For weeks the administration of Florida Gov. Rick Scott has downplayed the expected loss of more than $1 billion in federal funds that goes to hospitals that treat the poor and uninsured.
But that changed on Friday as it is becoming more evident that the state must come up with an alternative solution in order to avoid making deep spending cuts in this year’s budget.
Scott’s main spokeswoman, Jackie Schutz, acknowledged that the federal government would not renew the low-income pool program that was first started under a waiver obtained by former Gov. Jeb Bush.

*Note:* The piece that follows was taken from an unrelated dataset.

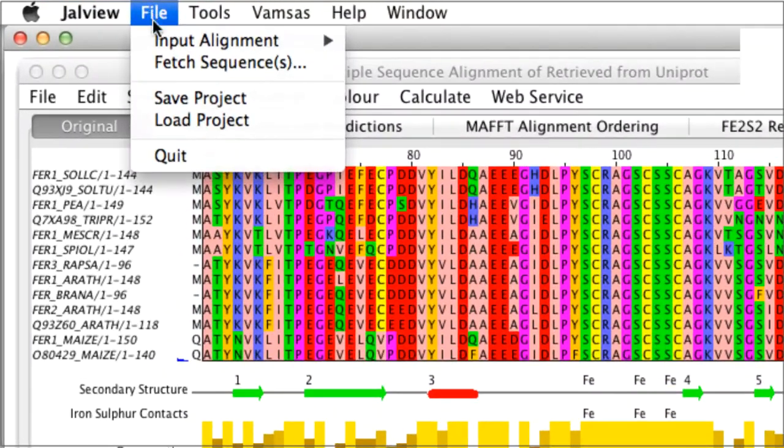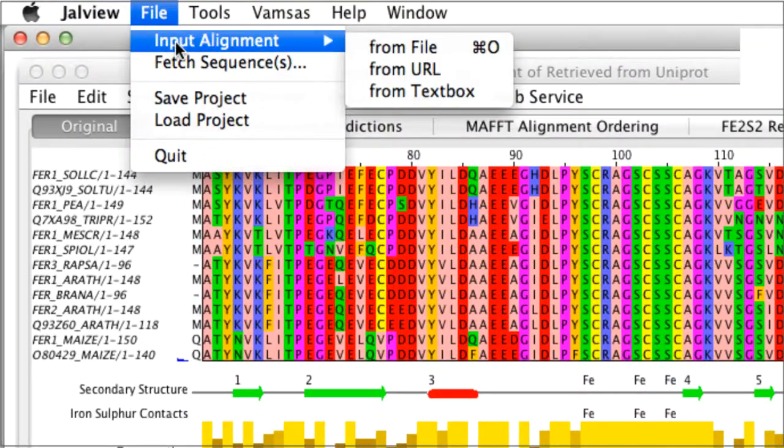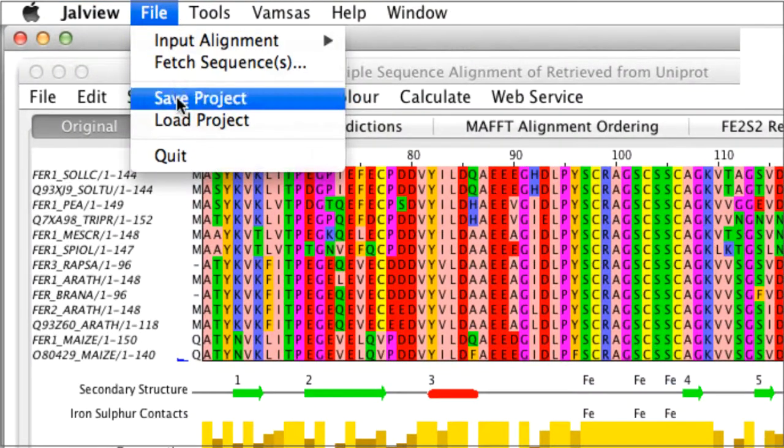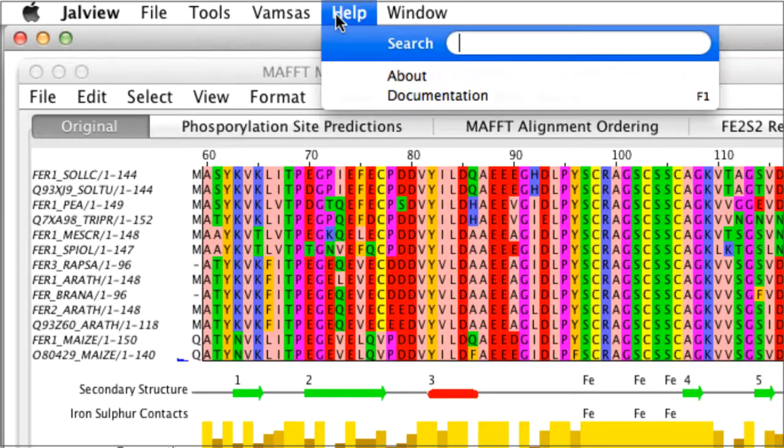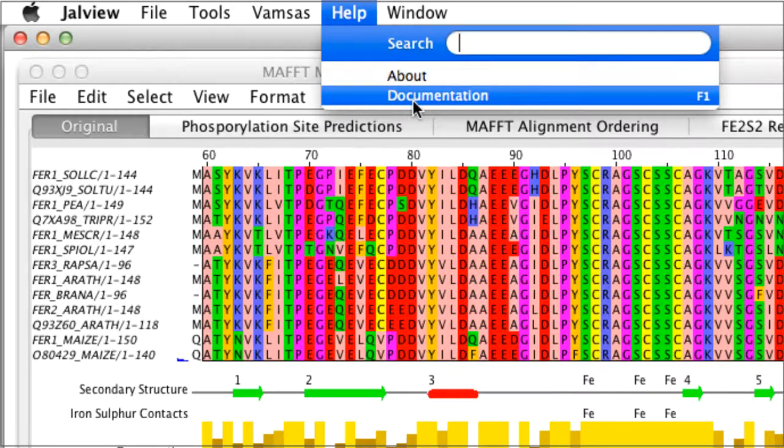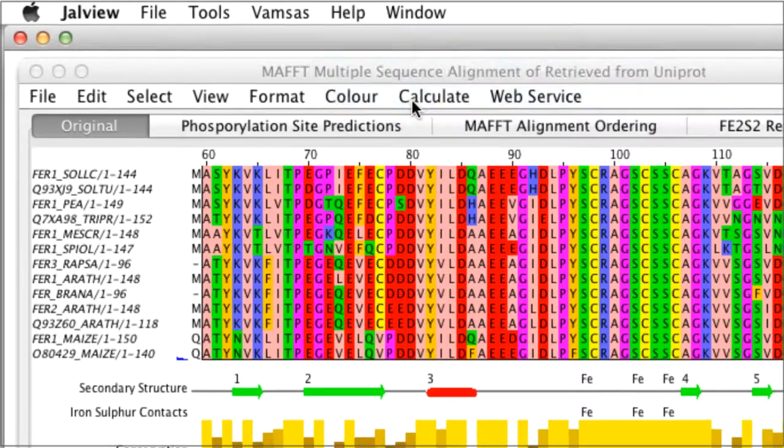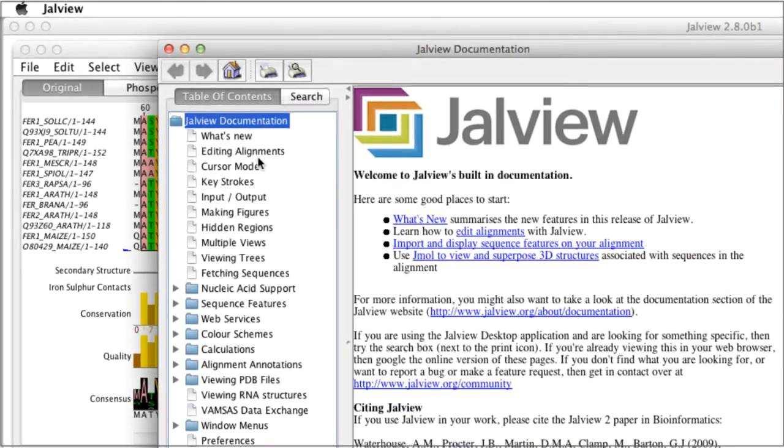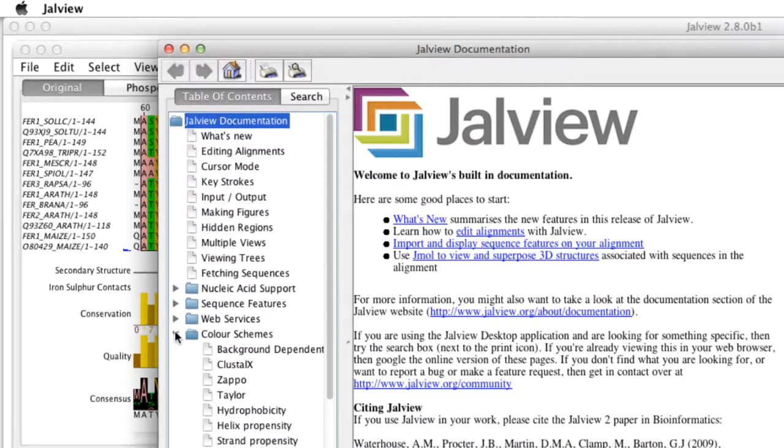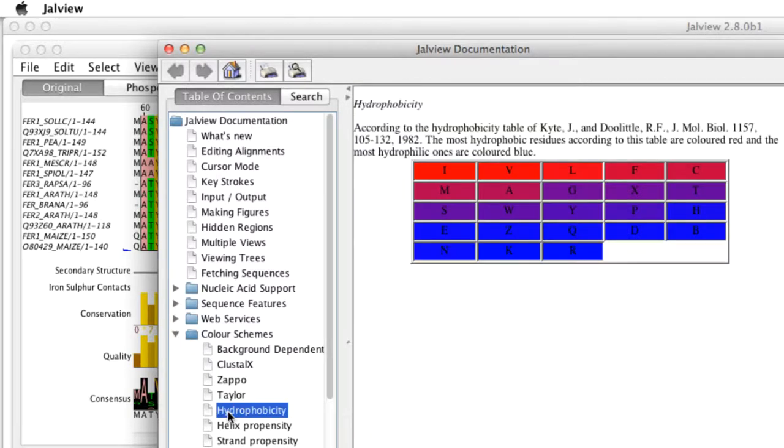The file menu allows us to read and save alignments and projects. From the help menu we can access the online help documentation. Jalview has a comprehensive manual that can be viewed in its own window.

“It is disappointing that the federal government is not extending the federal LIP program which was started by the federal government in 2005 to help low income people in Florida access health care,” Schutz said. “We would be extremely disappointed if the federal government did not agree to an alternative funding solution soon.”
Schutz continued by saving that “we cannot afford to fund federal programs that are started by the federal government. Florida taxpayers fund our federal government and deserve to see a return on their investment – and we want to see it continue to provide healthcare for those who need it.”
The move is a turnaround from earlier in February when Scott’s budget director Cynthia Kelly tried to explained to legislators why Scott had included the LIP money in his budget recommendations. The federal government last year extend LIP but warned at the time it had no plans to extend the program – which allows the state to use local taxes and state money – to draw down extra money for the state’s hospitals.
The acknowledgement by the Scott administration that there is now a problem with LIP sets up what may be a contentious session. Florida expects to have a roughly $1 billion budget surplus, but Scott had wanted to use that money to increase school funding and cut taxes. Scott has proposed slashing taxes by nearly $700 million.
Some Republican legislators have already been sounding increasing skeptical about whether they would be able to cut taxes to the extent that Scott wants.
The demise of LIP could create additional pressure to expand Medicaid eligibility but so far House Republicans have remained staunchly opposed to the idea.